## [Extracted entries]
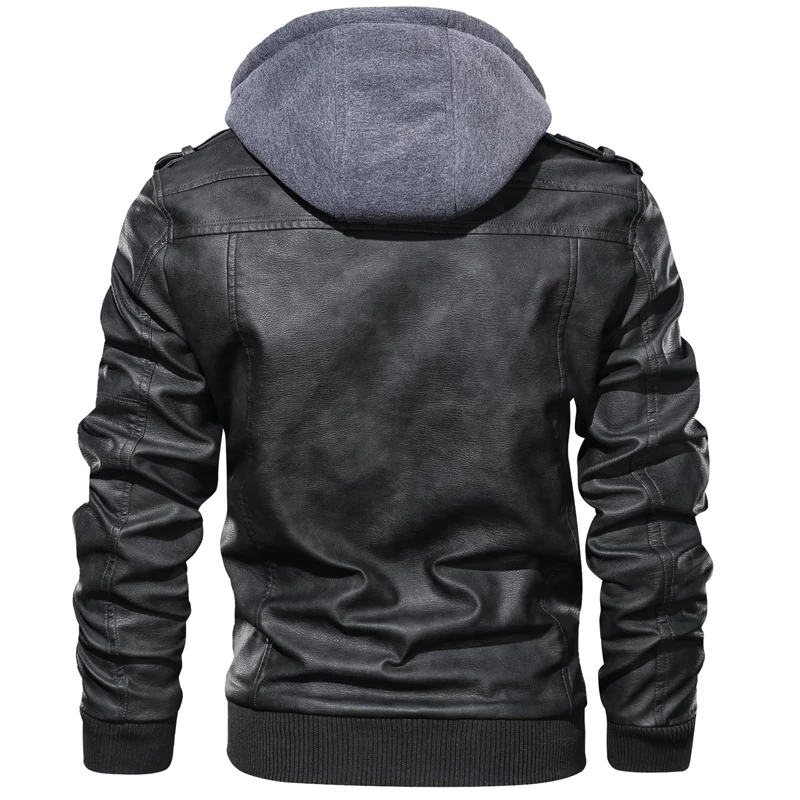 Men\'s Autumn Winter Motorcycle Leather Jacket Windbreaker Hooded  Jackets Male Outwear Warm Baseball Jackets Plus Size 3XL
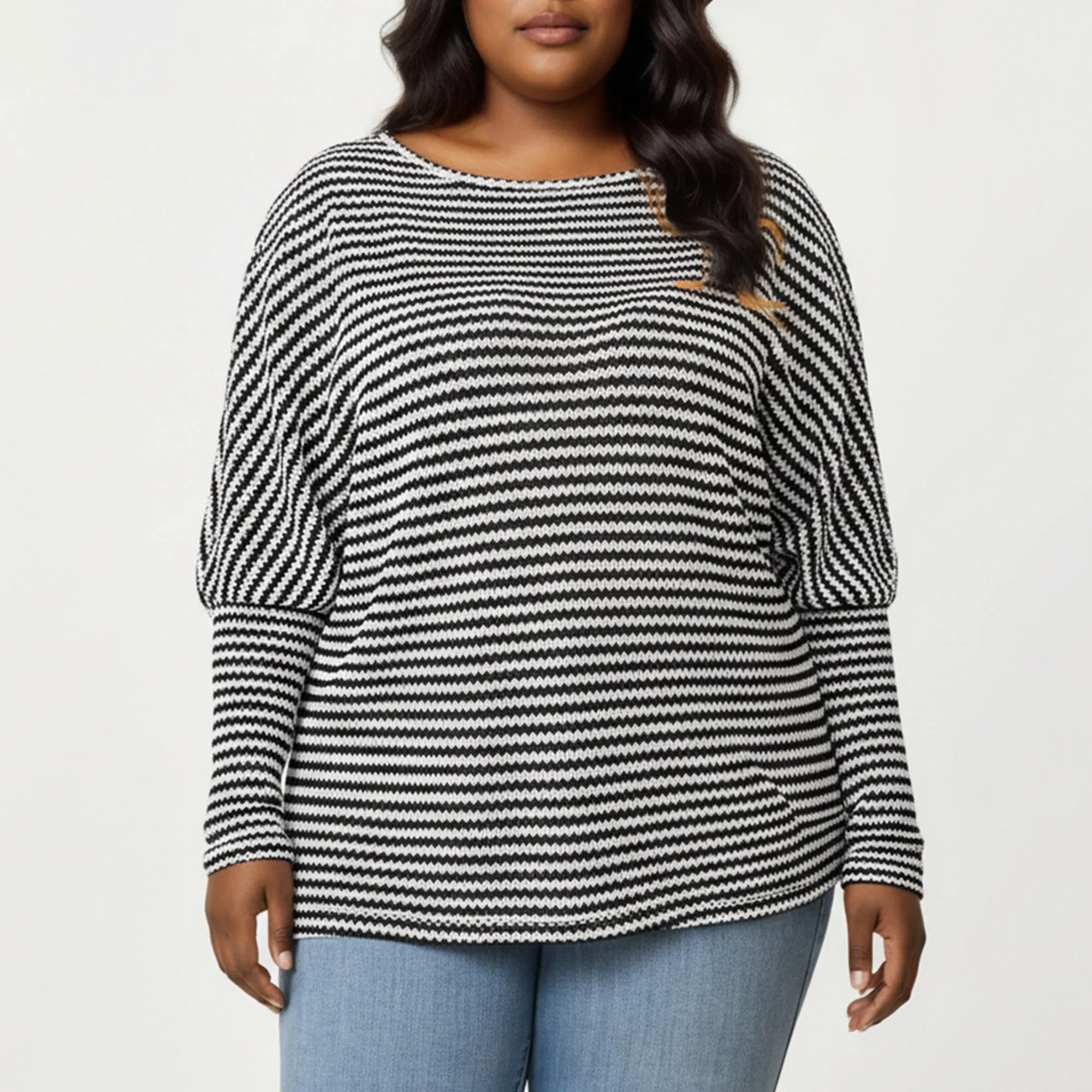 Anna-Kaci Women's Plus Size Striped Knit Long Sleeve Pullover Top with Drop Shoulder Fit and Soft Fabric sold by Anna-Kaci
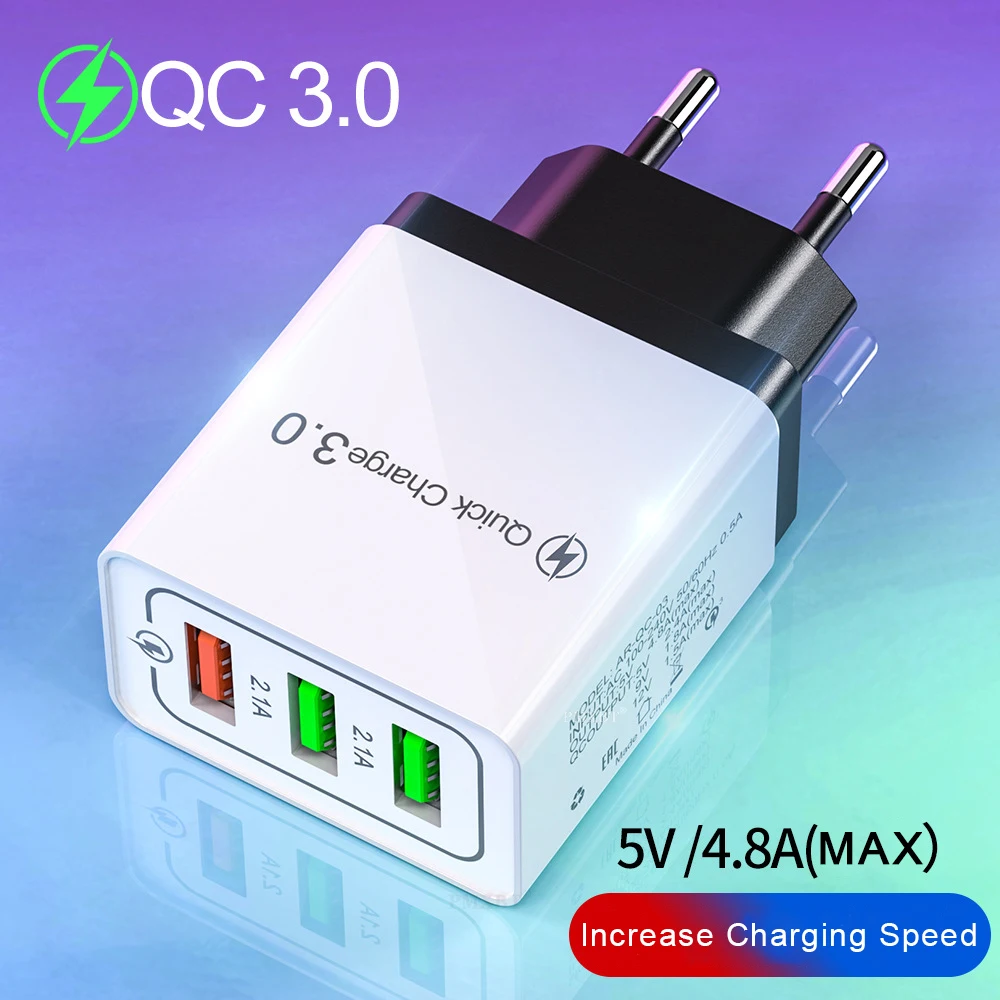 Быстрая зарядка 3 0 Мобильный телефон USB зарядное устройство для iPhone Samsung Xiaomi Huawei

==

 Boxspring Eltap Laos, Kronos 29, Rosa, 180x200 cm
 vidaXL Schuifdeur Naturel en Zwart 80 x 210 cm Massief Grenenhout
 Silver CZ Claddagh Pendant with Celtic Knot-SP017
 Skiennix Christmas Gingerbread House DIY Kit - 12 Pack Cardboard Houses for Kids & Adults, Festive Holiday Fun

* * *

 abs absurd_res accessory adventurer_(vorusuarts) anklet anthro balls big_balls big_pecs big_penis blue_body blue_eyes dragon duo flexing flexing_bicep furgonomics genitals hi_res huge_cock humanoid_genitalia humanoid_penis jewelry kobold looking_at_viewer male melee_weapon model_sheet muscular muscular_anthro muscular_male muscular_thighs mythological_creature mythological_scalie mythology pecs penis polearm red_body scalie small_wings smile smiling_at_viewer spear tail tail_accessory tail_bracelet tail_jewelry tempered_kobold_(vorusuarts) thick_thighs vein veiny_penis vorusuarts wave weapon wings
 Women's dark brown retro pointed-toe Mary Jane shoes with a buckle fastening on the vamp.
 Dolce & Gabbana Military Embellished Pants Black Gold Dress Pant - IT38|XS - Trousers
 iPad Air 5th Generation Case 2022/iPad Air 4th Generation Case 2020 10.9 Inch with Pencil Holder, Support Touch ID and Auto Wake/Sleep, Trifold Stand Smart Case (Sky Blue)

## [About this exercise]
Here the job is to copy the listing above word for word, starting at the line with "Anna-Kaci Women's Plus" and ending at the line with "Быстрая зарядка 3", and to leave out the pictures.

## [Written solution]
 Anna-Kaci Women's Plus Size Striped Knit Long Sleeve Pullover Top with Drop Shoulder Fit and Soft Fabric sold by Anna-Kaci
 Быстрая зарядка 3 0 Мобильный телефон USB зарядное устройство для iPhone Samsung Xiaomi Huawei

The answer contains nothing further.